И вот когда польская делегация явилась к Константину и предложила ему польский престол, он был возмущен до глубины души неблагодарностью поляков: «Я все позабыл потому, что, в сущности, я лучший поляк, нежели вы все, господа, я женат на польке, нахожусь среди вас, я так давно говорю на вашем языке, что теперь затрудняюсь выражаться по-русски… Если бы я захотел – вас бы в первую минуту всех уничтожили».

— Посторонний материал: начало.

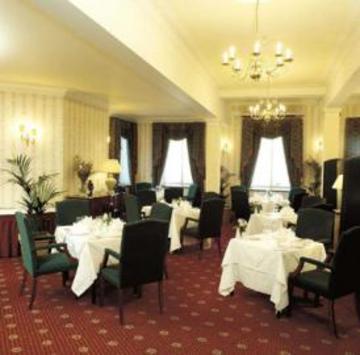 Tralee Hotel 3*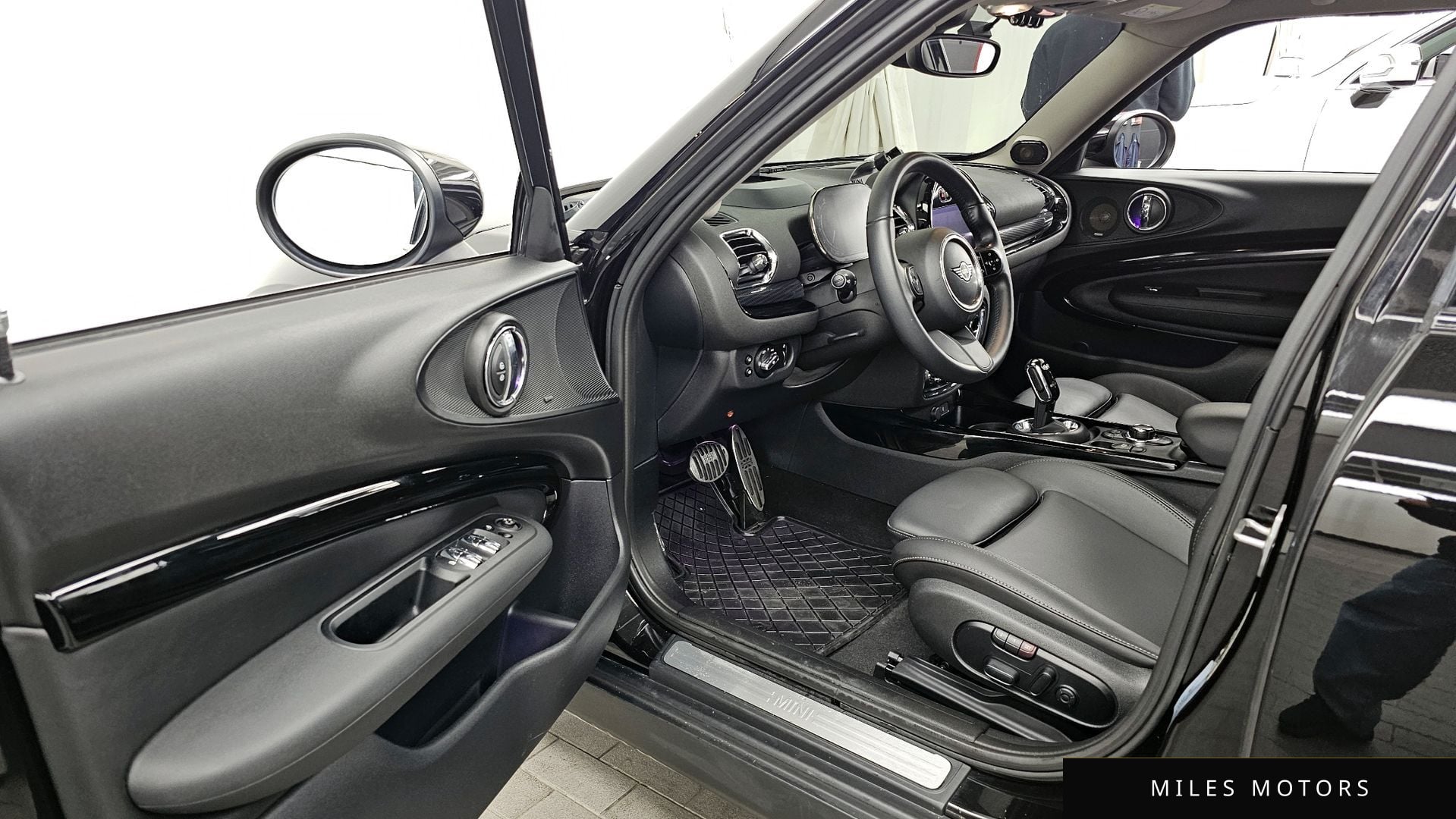 MINI Clubman 2022 — миниатюра 10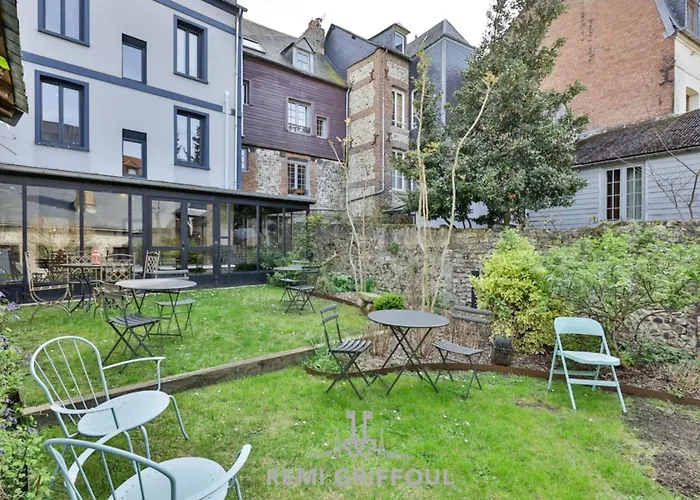 La Maison Du Jardin Center 5 Guests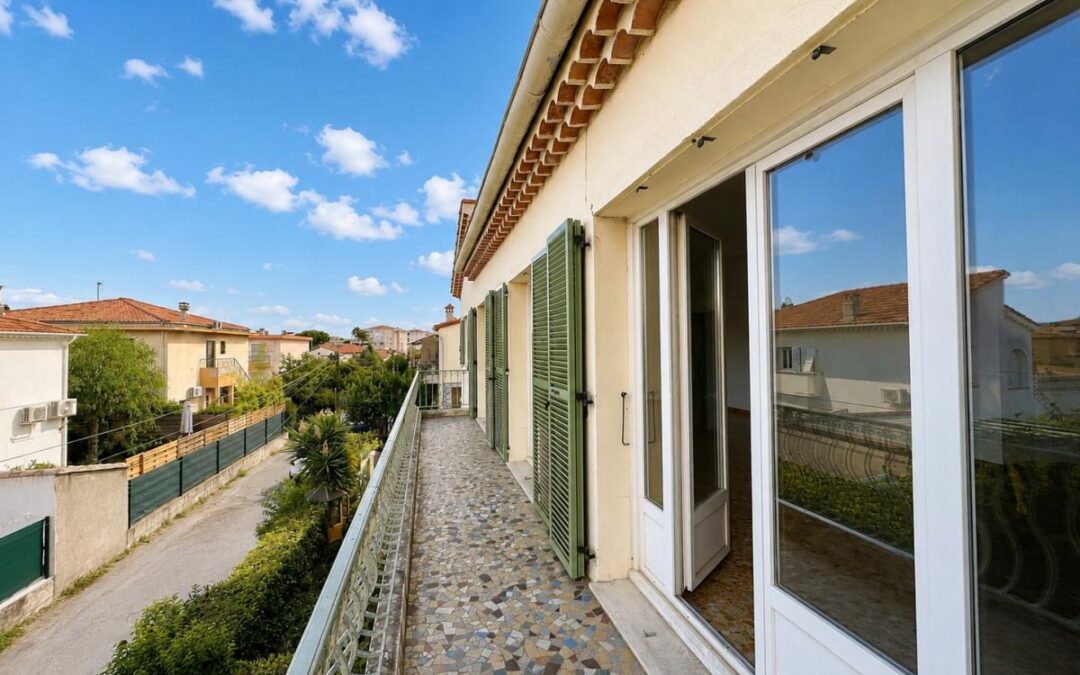 Vente Appartement – 6 pièces – 147 m² à Saint-laurent-du-var (06700)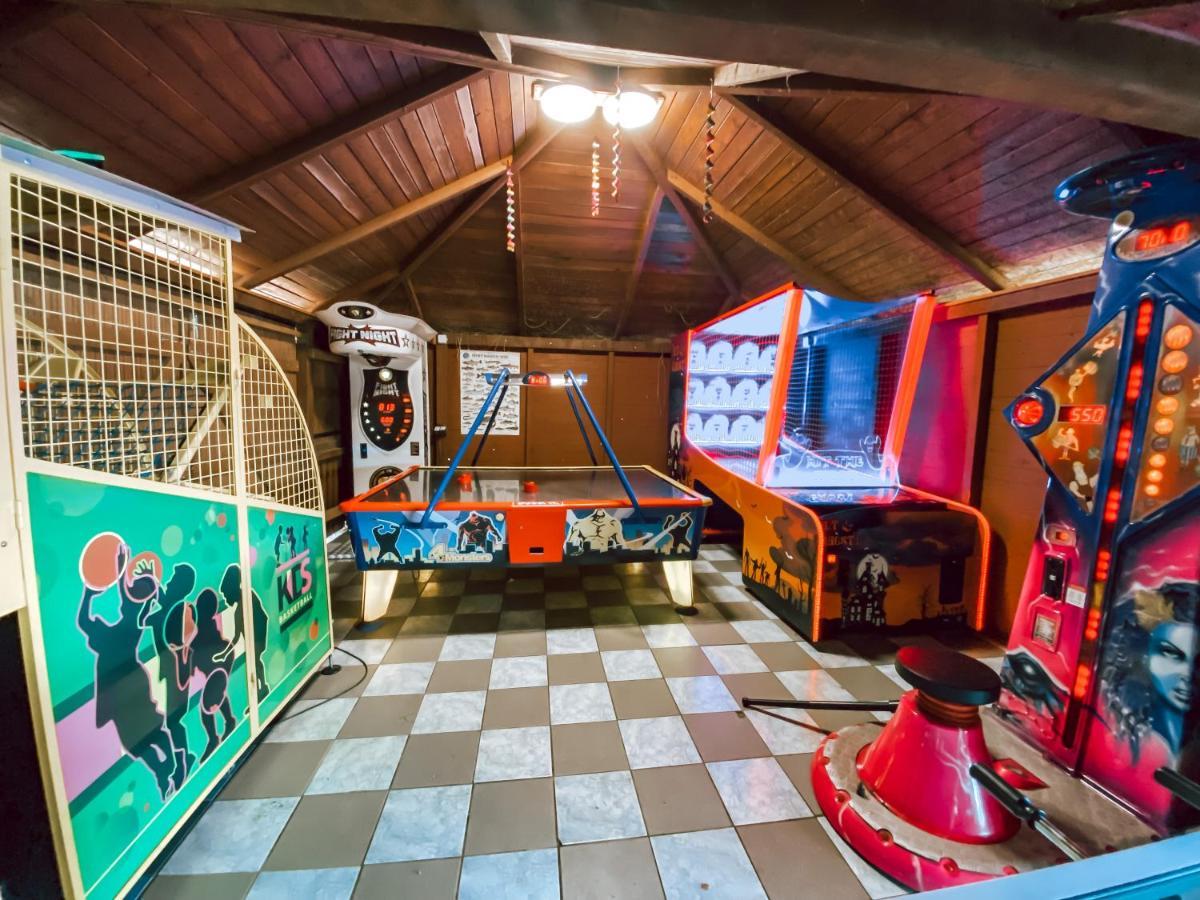 Chaty A Apartmany Hracholusky Kemp Kosatka Pnovany Extérieur photo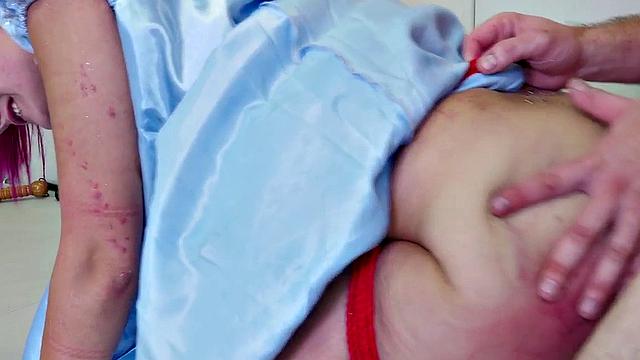 Paddled sub screams as she's whacked hard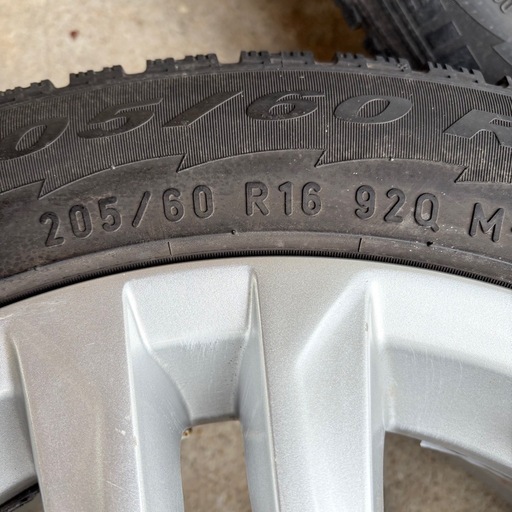 【福岡】BMW タイヤホイール 16×7J PCD120 5穴 スタッドレス ピレリ アルミ 205/60R16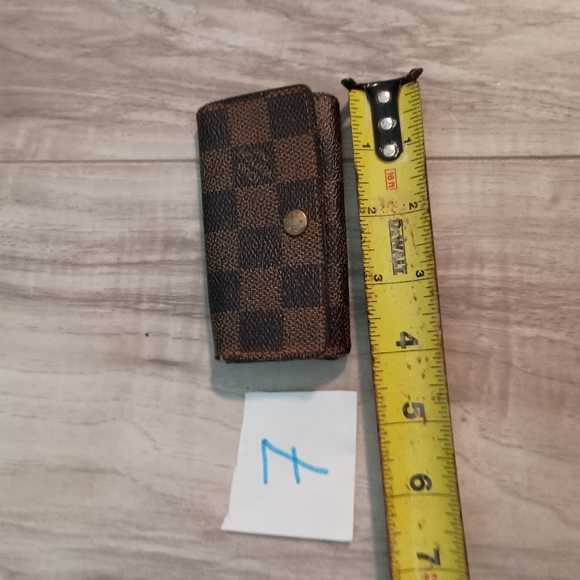 Louis Vuitton Brown 4 Key Holder - Damier Ebene - Picture 8 of 9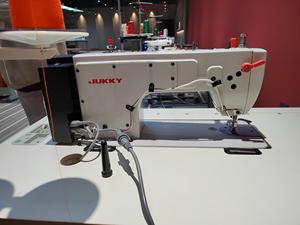 JUKKY 9808T New Industrial Automatic <b>Thread</b> Digital Sewing Machine High-Speed Direct Drive Feed <b>Lock</b> Stitch Home Use Garment - Product Image 3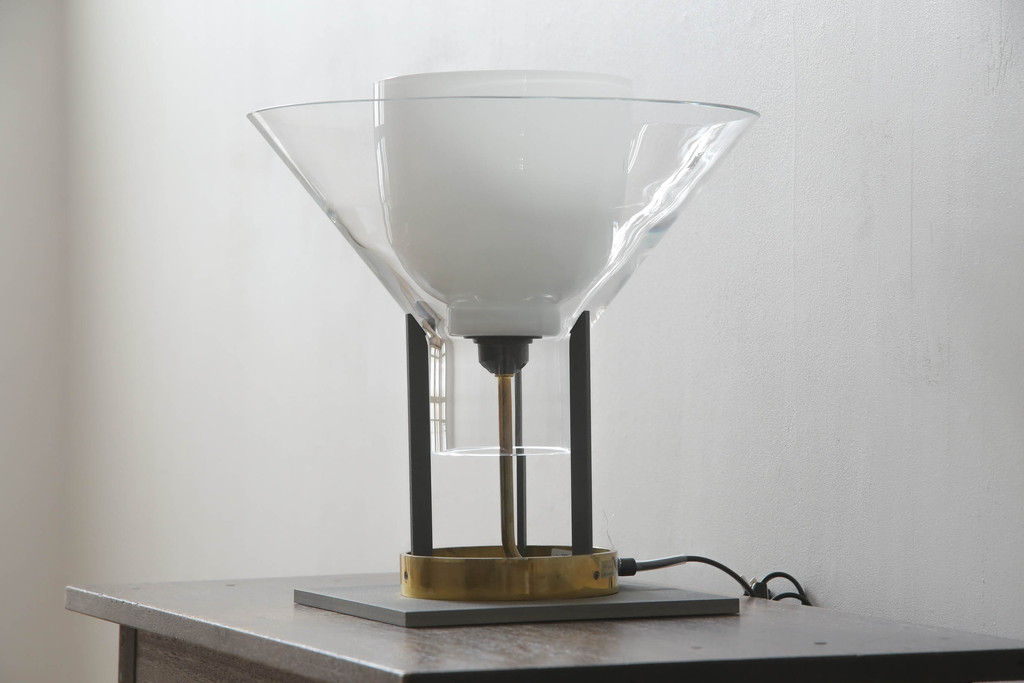 中古　イタリア製　ムラーノガラス　Carlo Moretti(カルロ・モレッティ)デザイン　スタイリッシュでかっこいいテーブルスタンド(ムラノガラス、卓上照明、デスクスタンド、スタンドライト)(R-071594)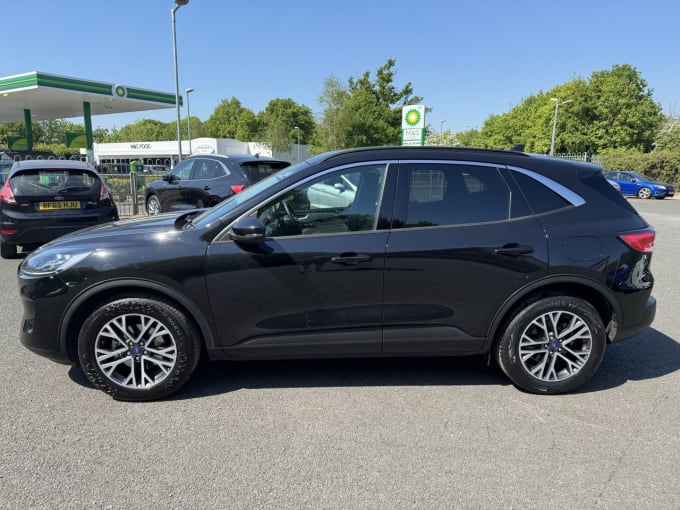 2025 Ford Kuga
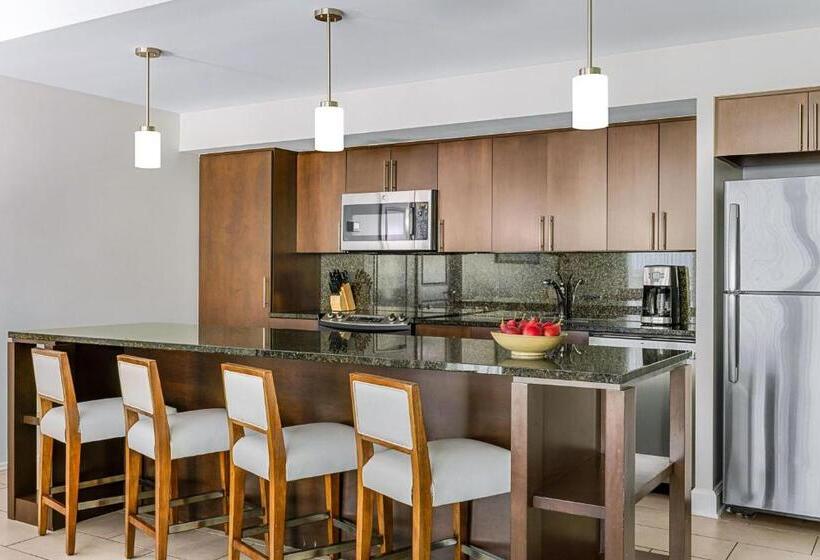 ‫فيلا 3 غرف نوم مطلة علي حمام السباحة, Marriott's Crystal Shores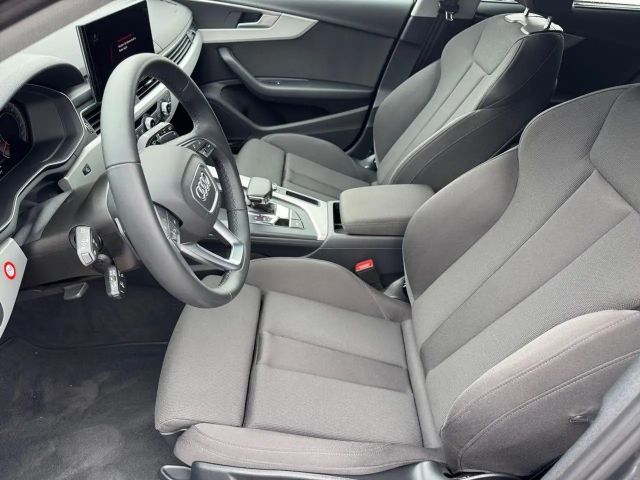 Audi A4 35 TFSI Avant S-Tronic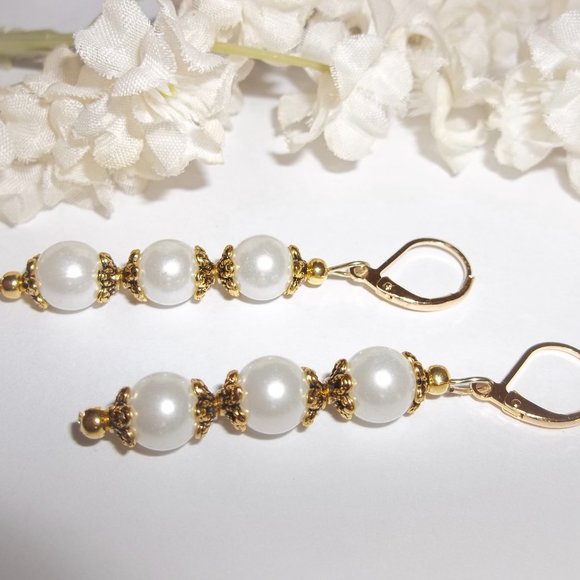 Earring, Pearl Earring, White and Gold Earring, White Earring, Earring Set 7899 - Picture 4 of 8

А потом в Польшу вторглись русские войска… Константин был во главе карателей, но это был странный каратель. Когда против его войск вылетели на рысях польские драгуны, он радовался за них, гордился их выездкой, мужеством («Славно, славно, ребята!»), а потом сказал, что польские солдаты – лучшие в целом свете. Вряд ли это могло понравиться русским генералам и самому императору Николаю, который был в ярости от «неблагодарности» поляков и решил раз и навсегда раздавить польскую вольность. Константина отозвали в тыл. Огорченный и разбитый, он приехал в Витебск, там заболел холерой и вскоре, 15 июня 1831 года, скончался в страшных мучениях. Умирая, он просил у не отходившей от его постели Лович: «Скажи государю, что я умираю, молю его простить полякам». Княгиня Лович пережила Константина ненадолго. Она прошла за гробом пешком от Витебска до Петербурга и через год после начала восстания, 17 ноября 1831 года, умерла на чужбине, в Царском Селе.